On April 15, another 6.4 billion dollars was allocated to the South Korean “Samsung” (Samsung) to build plants in Texas.
The funds are part of the US CHIPS and Science Act, which provides $280 billion in incentives to set up semiconductor factories and train workers.
To boost green industry in the US, the US government has earmarked a $369 billion green subsidy package to be passed in 2022.
In Washington’s toolbox is the Inflation Reduction Act (IRA), according to which a package of “green” subsidies worth 369 billion dollars is provided. The legislation supports local production of technologies related to the transition to climate neutrality through tax credits.
Against this background, the US maintains high tariffs on imports of Chinese solar panels and electric cars, at 14.25 and 25 percent, respectively.
However, Chinese companies occupy the leading positions in the world in the production of such “green” products: “Longi” (Longi) is the largest producer of solar panels in the world; CATL (CATL) is the largest battery manufacturer in the world, and BYD (BYD) competes with “Tesla” (Tesla) for the title of the largest manufacturer of electric cars.
China’s chip manufacturing, however, has not grown as impressively despite about $150 billion in government subsidies over the past decade. This is, to some extent, a measure of the US’s success in blocking the flow of chip-making technology into the country over the past two years.
The first victim in the technological war between the US and China was Huawei. It was the first Chinese company to be subject to export controls by the Trump administration, which now face similar restrictions.
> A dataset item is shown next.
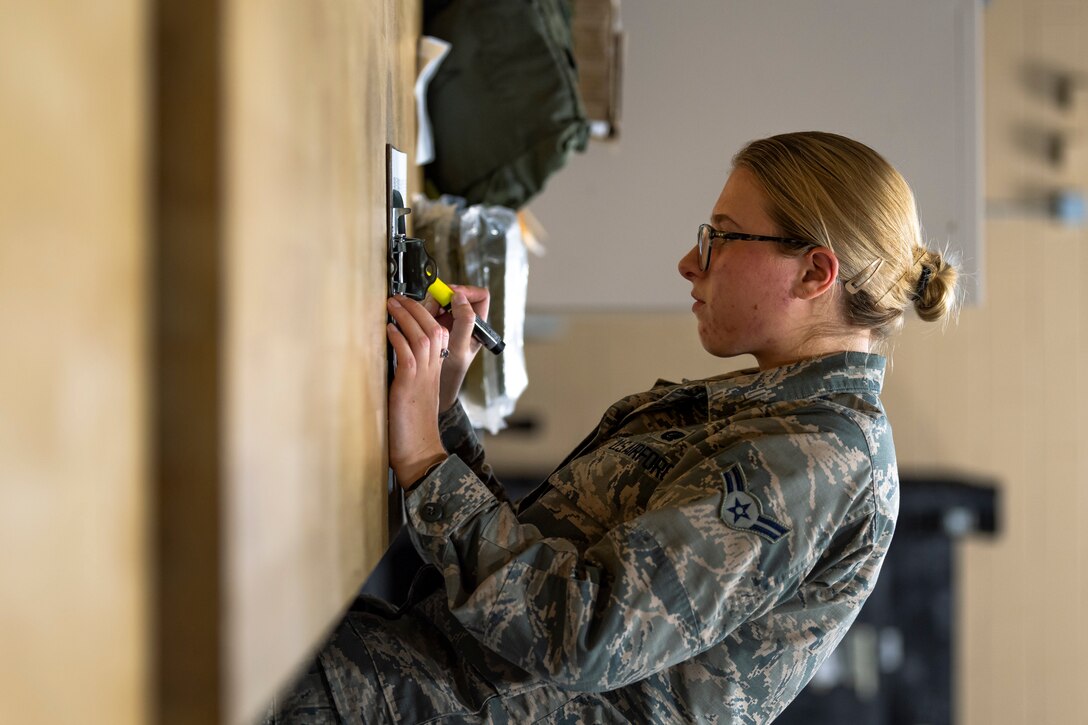 A photo of an Airman using a highlighter on a form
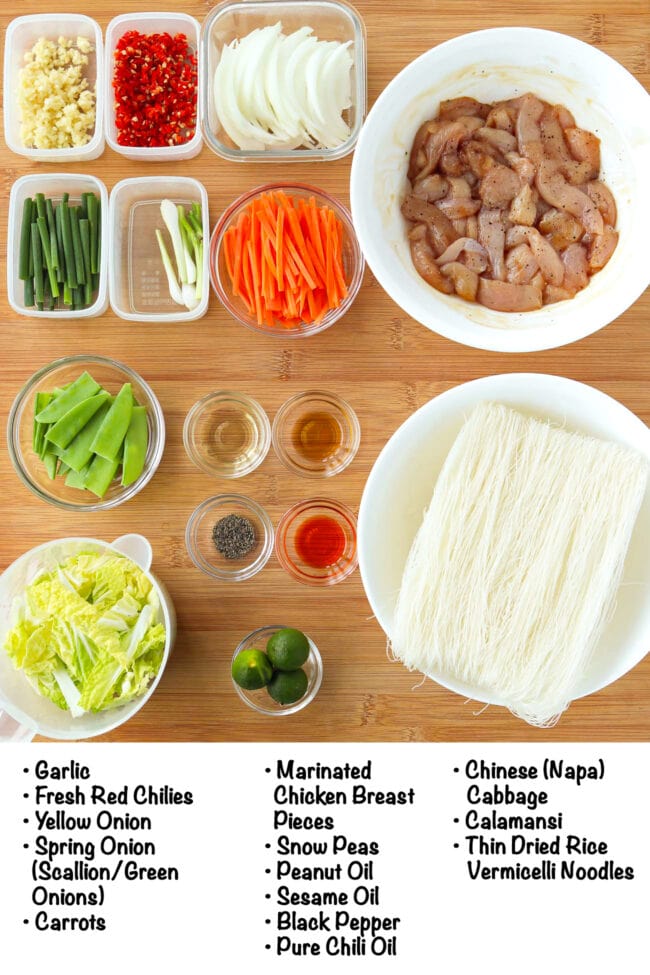 Labeled ingredients for pancit bihon with chicken on a wood board.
Companies from a number of sectors related to chip manufacturing are now on high alert. MGI Tech, a subsidiary of Chinese giant BGI that makes genome sequencing equipment, is likely to come under fire.
Representatives of the Republican Party in the USA express their indignation that MGI Tech machines are installed in European hospitals.
Multilateral controls on quantum computing technology exported to China are also likely to be introduced, a Republican representative has explained. Thus, China’s access to quantum computing and sensing technologies can be limited.
Last year, China imposed export controls on gallium and germanium, two materials of particular importance in the chip-making process. The country was the source of 98 percent of the world’s gallium supply in 2022, as well as 60 percent of its germanium supply.
However, material export controls are a relatively “soft” measure compared to the US’s grip on intellectual property.